Recorded data:
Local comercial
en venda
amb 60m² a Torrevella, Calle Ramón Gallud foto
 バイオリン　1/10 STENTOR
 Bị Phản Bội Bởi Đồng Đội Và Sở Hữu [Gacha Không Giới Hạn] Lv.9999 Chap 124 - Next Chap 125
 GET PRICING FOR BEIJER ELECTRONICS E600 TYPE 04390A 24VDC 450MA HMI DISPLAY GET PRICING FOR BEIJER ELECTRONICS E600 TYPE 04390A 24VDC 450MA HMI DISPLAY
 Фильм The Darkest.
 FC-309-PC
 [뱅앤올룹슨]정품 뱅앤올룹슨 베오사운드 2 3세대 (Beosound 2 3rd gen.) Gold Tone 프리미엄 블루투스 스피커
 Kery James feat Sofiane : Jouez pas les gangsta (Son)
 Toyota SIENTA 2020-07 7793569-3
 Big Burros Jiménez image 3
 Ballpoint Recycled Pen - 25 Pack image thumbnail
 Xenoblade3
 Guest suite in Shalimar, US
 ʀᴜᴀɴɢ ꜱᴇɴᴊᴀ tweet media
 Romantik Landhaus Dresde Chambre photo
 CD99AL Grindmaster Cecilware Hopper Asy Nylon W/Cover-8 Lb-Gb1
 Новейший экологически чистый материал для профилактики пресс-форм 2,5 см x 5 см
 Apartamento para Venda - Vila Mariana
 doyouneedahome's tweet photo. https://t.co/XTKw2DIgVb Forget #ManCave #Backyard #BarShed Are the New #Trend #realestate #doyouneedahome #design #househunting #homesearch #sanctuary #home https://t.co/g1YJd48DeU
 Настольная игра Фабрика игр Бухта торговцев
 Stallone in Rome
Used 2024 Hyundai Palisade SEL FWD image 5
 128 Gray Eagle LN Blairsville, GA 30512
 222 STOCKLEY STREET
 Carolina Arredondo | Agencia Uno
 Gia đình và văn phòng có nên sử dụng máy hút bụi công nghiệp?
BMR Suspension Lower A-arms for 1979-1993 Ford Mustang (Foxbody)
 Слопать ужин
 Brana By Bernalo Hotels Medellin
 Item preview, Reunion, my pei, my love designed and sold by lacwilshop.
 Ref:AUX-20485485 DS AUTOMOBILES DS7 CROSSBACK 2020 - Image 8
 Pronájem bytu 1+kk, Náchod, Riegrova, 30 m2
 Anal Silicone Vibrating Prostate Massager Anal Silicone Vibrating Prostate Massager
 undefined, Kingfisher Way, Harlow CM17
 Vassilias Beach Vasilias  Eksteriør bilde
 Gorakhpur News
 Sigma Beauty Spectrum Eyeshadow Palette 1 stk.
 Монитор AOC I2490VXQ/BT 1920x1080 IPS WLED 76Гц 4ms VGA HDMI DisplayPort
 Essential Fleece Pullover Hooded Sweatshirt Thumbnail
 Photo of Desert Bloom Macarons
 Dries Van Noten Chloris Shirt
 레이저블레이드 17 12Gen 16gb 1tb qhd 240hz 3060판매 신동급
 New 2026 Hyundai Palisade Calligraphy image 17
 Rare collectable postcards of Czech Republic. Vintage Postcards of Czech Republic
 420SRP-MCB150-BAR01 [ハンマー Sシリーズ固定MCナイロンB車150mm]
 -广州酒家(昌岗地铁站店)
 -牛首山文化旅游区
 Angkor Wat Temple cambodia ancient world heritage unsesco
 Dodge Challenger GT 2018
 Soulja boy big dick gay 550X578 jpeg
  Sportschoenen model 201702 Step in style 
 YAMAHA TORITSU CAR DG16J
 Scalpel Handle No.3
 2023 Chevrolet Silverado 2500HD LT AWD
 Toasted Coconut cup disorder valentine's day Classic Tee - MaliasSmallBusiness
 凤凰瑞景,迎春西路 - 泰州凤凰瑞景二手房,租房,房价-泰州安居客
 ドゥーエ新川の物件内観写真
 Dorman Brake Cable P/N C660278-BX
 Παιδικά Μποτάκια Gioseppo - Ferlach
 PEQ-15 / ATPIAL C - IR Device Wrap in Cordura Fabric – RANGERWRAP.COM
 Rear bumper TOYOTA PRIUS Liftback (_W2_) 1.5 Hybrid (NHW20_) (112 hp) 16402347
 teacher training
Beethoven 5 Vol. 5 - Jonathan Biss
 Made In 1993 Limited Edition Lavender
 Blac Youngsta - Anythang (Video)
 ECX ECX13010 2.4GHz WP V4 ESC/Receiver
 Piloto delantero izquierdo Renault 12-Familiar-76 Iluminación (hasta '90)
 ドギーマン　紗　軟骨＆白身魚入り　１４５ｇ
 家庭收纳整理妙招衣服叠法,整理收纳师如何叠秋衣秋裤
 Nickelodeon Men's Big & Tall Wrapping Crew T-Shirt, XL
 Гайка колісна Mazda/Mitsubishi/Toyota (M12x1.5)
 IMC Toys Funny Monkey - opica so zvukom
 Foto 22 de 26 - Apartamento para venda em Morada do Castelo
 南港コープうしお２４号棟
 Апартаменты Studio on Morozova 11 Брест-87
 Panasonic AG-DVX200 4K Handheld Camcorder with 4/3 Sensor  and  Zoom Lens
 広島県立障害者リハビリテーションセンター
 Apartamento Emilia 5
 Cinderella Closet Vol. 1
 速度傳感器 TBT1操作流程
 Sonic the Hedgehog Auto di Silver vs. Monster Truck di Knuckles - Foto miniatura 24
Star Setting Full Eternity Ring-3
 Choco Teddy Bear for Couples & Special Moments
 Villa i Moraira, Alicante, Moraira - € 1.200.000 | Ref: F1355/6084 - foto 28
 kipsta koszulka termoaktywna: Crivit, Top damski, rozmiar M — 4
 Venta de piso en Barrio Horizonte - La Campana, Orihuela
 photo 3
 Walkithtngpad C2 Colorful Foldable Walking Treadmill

▶ [Action item] Give back every line from the beginning of the records through the line holding "CD99AL Grindmaster Cecilware", exactly as it reads, and leave out the rest.

▶ [Solution to this problem]
Local comercial
en venda
amb 60m² a Torrevella, Calle Ramón Gallud foto
 バイオリン　1/10 STENTOR
 Bị Phản Bội Bởi Đồng Đội Và Sở Hữu [Gacha Không Giới Hạn] Lv.9999 Chap 124 - Next Chap 125
 GET PRICING FOR BEIJER ELECTRONICS E600 TYPE 04390A 24VDC 450MA HMI DISPLAY GET PRICING FOR BEIJER ELECTRONICS E600 TYPE 04390A 24VDC 450MA HMI DISPLAY
 Фильм The Darkest.
 FC-309-PC
 [뱅앤올룹슨]정품 뱅앤올룹슨 베오사운드 2 3세대 (Beosound 2 3rd gen.) Gold Tone 프리미엄 블루투스 스피커
 Kery James feat Sofiane : Jouez pas les gangsta (Son)
 Toyota SIENTA 2020-07 7793569-3
 Big Burros Jiménez image 3
 Ballpoint Recycled Pen - 25 Pack image thumbnail
 Xenoblade3
 Guest suite in Shalimar, US
 ʀᴜᴀɴɢ ꜱᴇɴᴊᴀ tweet media
 Romantik Landhaus Dresde Chambre photo
 CD99AL Grindmaster Cecilware Hopper Asy Nylon W/Cover-8 Lb-Gb1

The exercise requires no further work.